The Ireland Health and Safety Authority tell us that bullying puts the safety, health, and welfare of everyone at work at risk. The International Labour Organization emphasizes that physical and emotional violence is one of the most serious problems facing the workplace in this millennium.
Formal definitions of workplace violence provided by the National Institute for Occupational Safety and Health in the United States and the Canadian Centre for Occupational Health and Safety suggest that any behavior that demeans, embarrasses, humiliates, annoys, alarms, or verbally abuses a person could be considered violence.
CPI supports these definitions and recognizes that people can experience many types of negative behavior at work—behaviors including disrespect, harassment, mobbing, discrimination, incivility, bullying, horizontal and lateral violence, and emotional abuse.
Furthermore, CPI views workplace violence as a continuum of behaviors. Our Workplace Violence Continuum outlines behaviors ranging from discourtesy to disrespect, intimidation, harassment/bullying, retaliation, verbal assault, and physical aggression. We stress in our training programs that the earlier these behaviors are observed and responded to, the safer everyone will be.
Our training extensively explores the behaviors that fall under our definition of workplace bullying. It is important to note that some of these behaviors may be related more to what we don’t do, rather than to specific behaviors in which we do engage.
A few examples include ongoing behaviors that involve:
- Taking credit for someone else’s work.
- Repeatedly belittling a co-worker.
- Withholding essential information.
- Failing to invite someone to an essential meeting.
- Ignoring a coworker with the intent to harm or control.
- Engaging in ongoing passive-aggressive behavior in which words and actions appear harmless but have the intent to harm or control.
CPI’s Workplace Bullying Resources and References page offers a wealth of resources for raising awareness about workplace bullying.

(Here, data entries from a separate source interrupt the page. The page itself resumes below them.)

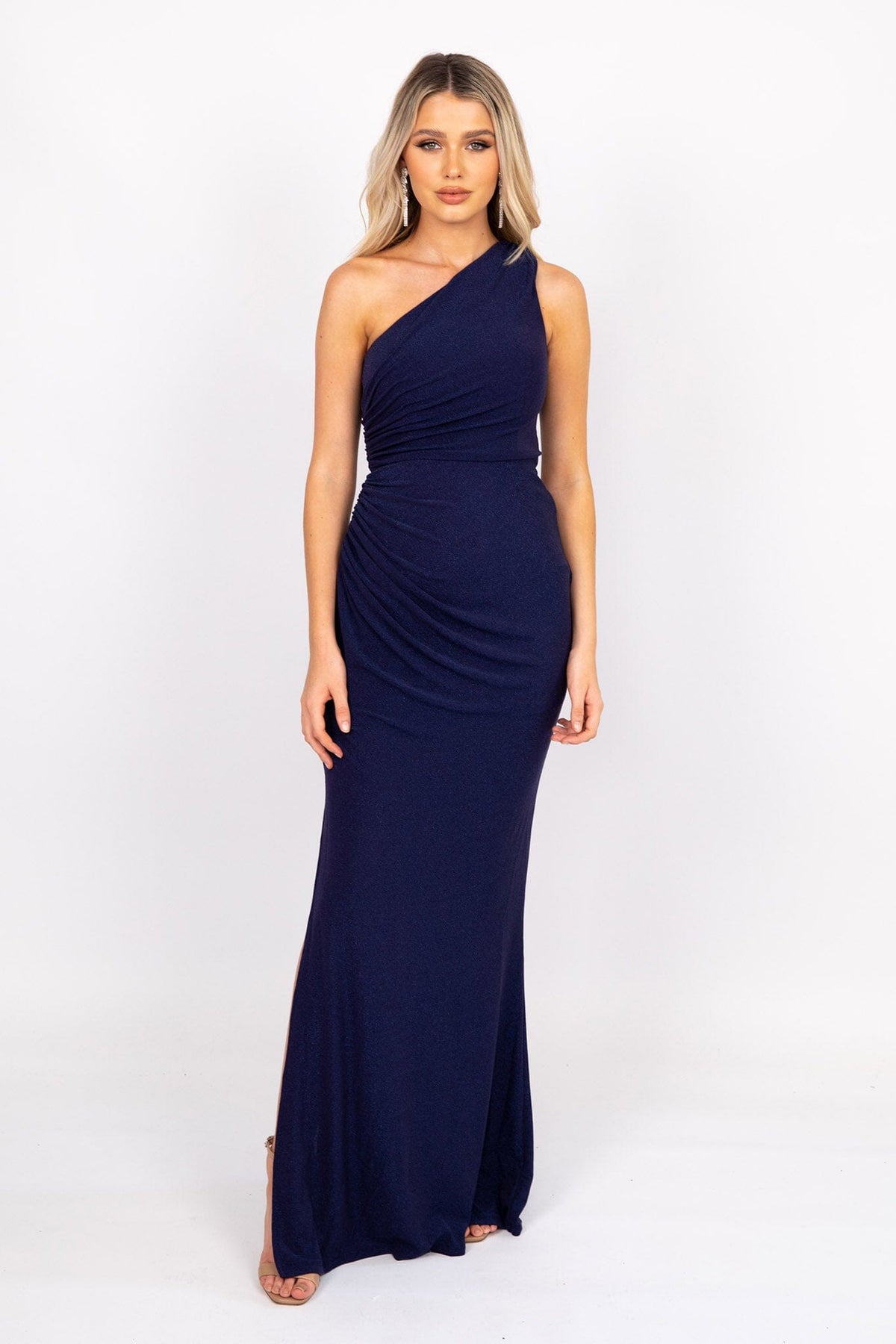 Navy Floor Length Fitted Evening Dress with One Shoulder Bodice, Draping Detail and Side Leg Slit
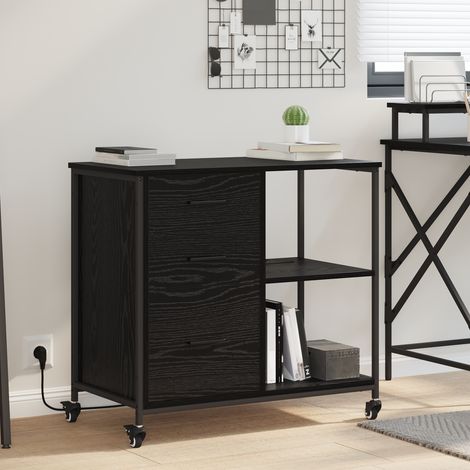 Gabinete de oficina con rueda Roble negro 76 x 41 x 72 cm vidaXL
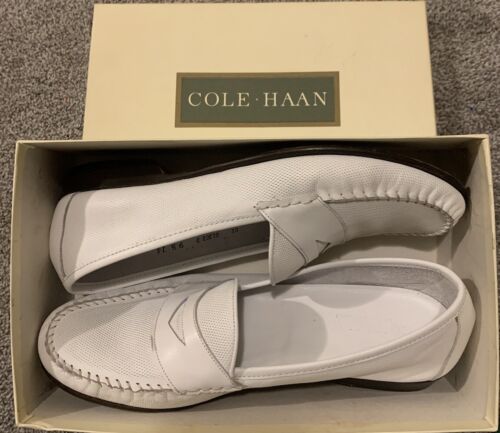 Mocassini estivi uomo Cole HAAN in pelle forata Made In Italy bianchi - Foto 3 di 10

Regulations, standards, laws, guidelines, policies, and precedents mandating respect are bold, proactive, and revolutionary. They represent just some of the compelling reasons to foster respectful, service-oriented, and safe workplaces.
Other reasons include concerns about employee safety, health, and well-being—and issues concerning productivity, customer service, absenteeism, compensation claims, civil litigation, retention, morale, reputation, and profitability.
We are all part of the equation when it comes to creating and maintaining workplace cultures that value respect, service, and safety. Organizations that embrace safe workplace practices foster the well-being of internal and external customers on both emotional and physical levels. It is our hope that the resources outlined in this article will help proactive employers manage the problem of workplace bullying, and create and maintain respectful, service-oriented, and safe workplaces.